Resupply launch scrubbed, thwarting fast-track rendezvous with space station

The Soyuz-2.1a rocket and the Progress MS-08 supply ship moments after Sunday’s countdown was halted. Credit: Roscosmos

The launch of a Russian Progress cargo ship aboard a Soyuz rocket was aborted in the final minute of the countdown Sunday, forcing a delay of at least two days in the start of a resupply and refueling mission to the International Space Station.

The two-day slip will prevent the Progress MS-08 supply ship from conducting an expedited trip to the space station. The unpiloted cargo freighter was set to fly a record-fast express rendezvous profile, with docking just three-and-a-half hours after liftoff Sunday.

Assuming Russian engineers can analyze the cause of Sunday’s abort and approve plans for another launch attempt Tuesday, the Progress cargo craft will now link up with a docking port on the space station’s Zvezda service module Thursday.

The laws of orbital mechanics will prohibit the three-and-a-half hour rendezvous following a launch Tuesday. The fast-track rendezvous sequence requires the space station to fly over the Baikonur Cosmodrome in Kazakhstan moments after the Soyuz rocket lifts off, an orbital alignment that is only available on certain days.

Most Progress resupply flights and Soyuz crew missions currently make the trip in about six hours, an improvement over the two-day rendezvous sequences used early in the station program.

Officials hope to use the express approach for Soyuz crew ferry ships in the future, once demonstrated on unpiloted Progress missions. The change will reduce the workload and time spent inside the cramped Soyuz capsule for future station crews.

The Soyuz-2.1a rocket was fueled with kerosene and super-cold liquid oxygen propellants during Sunday’s countdown, and rotating gantry structures opened to reveal the booster less than one hour prior to the scheduled blastoff at 0858:45 GMT (3:58:45 a.m. EST; 2:58:45 p.m. Baikonur time)

One of two umbilical attachments between the launch pad and the Soyuz rocket disconnected as planned in the final minute of the countdown, but the second connector never budged as the automated pre-launch sequence aborted. A puff of vapor vented from the rocket’s pressurized propellant tanks as the countdown halted.
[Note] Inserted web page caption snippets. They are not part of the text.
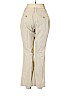 Banana Republic Tan Khakis Size 8 (petite) - photo 2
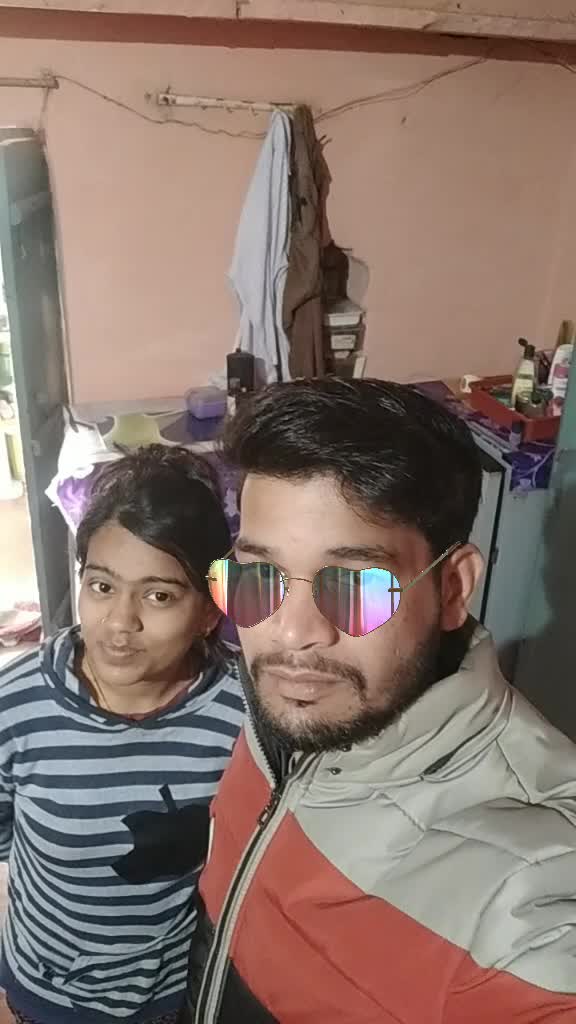 @anshulsahu444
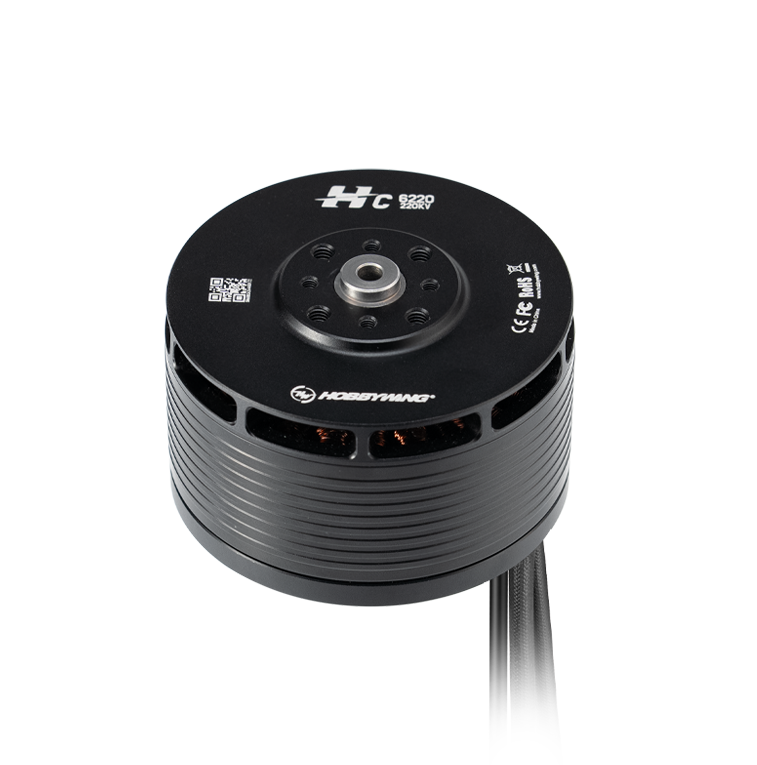 
											hobbywing,
											 
												固定翼巡航电机											,C6220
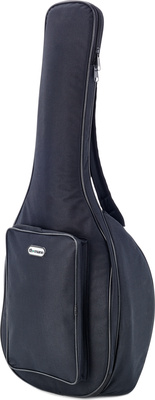 Thomann - Eco Lute Guitar Soft Bag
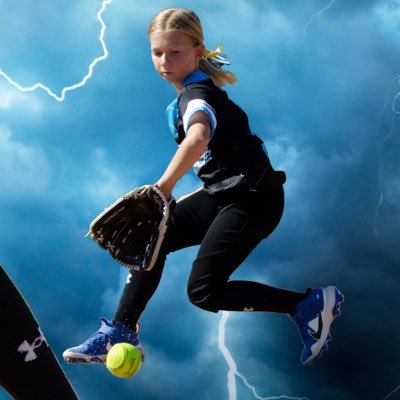 Wisconsin Lightning I 11U I #13 I Grad: 2030 I Pos: 2B/OF | Bat: R I Throw: R | Warren Township H.S. in a few years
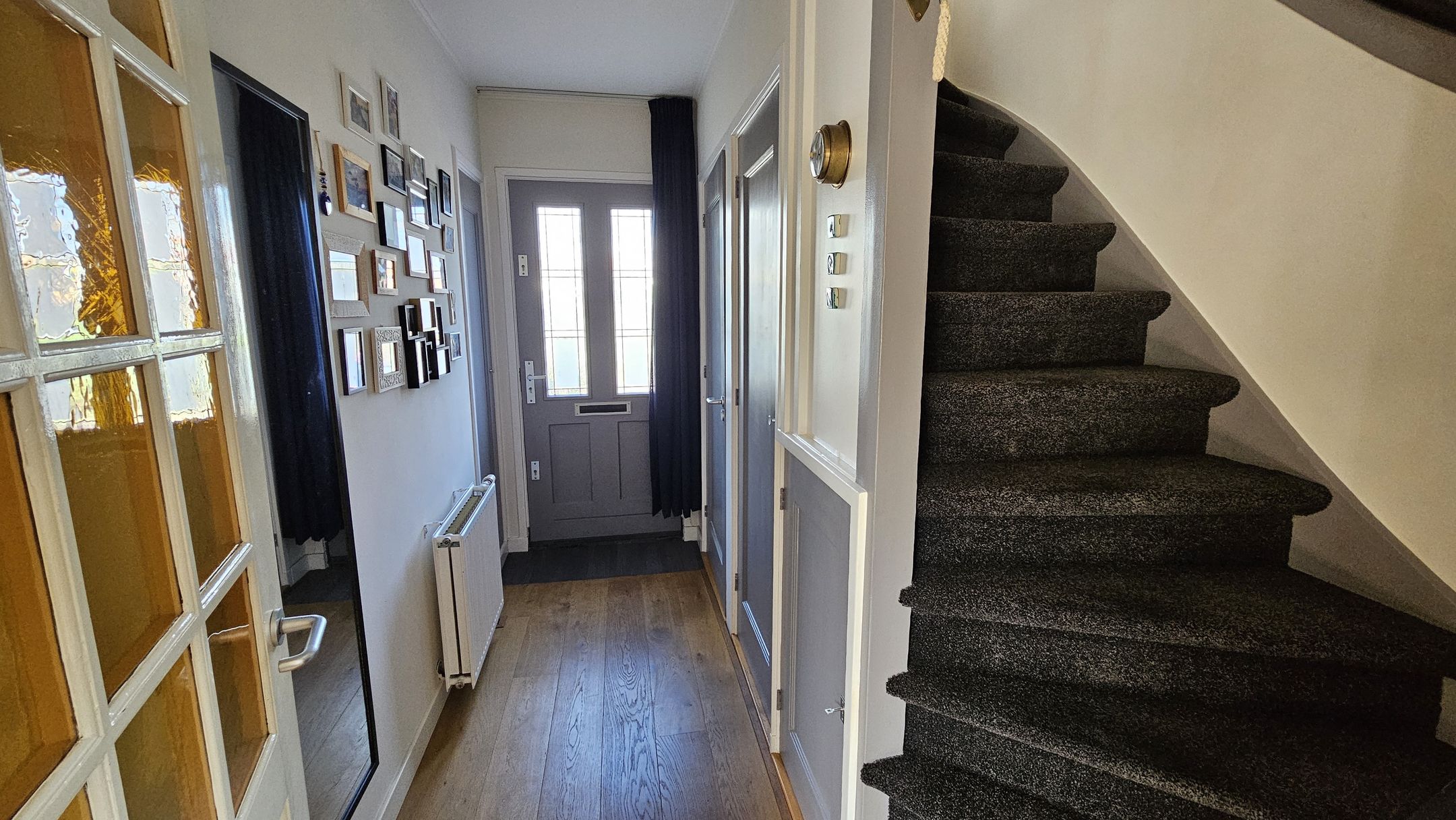 Foto 12 van Teunis Slagterstraat 4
Roscosmos — the Russian space agency — said in a statement that a command to shut off the Soyuz engine ignition sequence was issued automatically, and engineers are investigating the cause of the abort.

If the launch goes ahead Tuesday, liftoff is expected around 45 minutes earlier than Sunday’s try — around 0813 GMT (3:13 a.m. EST; 2:13 p.m. Baikonur time). The precise launch time will be released by Roscosmos.

The last-minute abort was similar to a scrub of the last Russian Progress resupply launch Oct. 12. That launch occurred successfully two days after the halted countdown.

Soyuz launch aborts are typically rare, with Russian rockets often taking off in thick clouds and snowfall.

The Progress MS-08 supply ship is carrying more than 3 tons of food, fuel and supplies to the space station and its six-person crew.

The Progress spacecraft is loaded with 1,962 pounds (890 kilograms) of propellant for the station, plus 926 pounds (420 kilograms) of water, 53 pounds (24 kilograms) of compressed air and 48 pounds (22 kilograms) of compressed oxygen for delivery to the orbiting research lab, according to a manifest released by Roscosmos, the Russian space agency.

Ground crews at the Baikonur Cosmodrome packed the pressurized cabin inside the Progress MS-08 supply ship with 3,064 pounds (1,390 kilograms) of equipment, scientific hardware, food and supplies for the station’s six-person crew, Roscosmos said.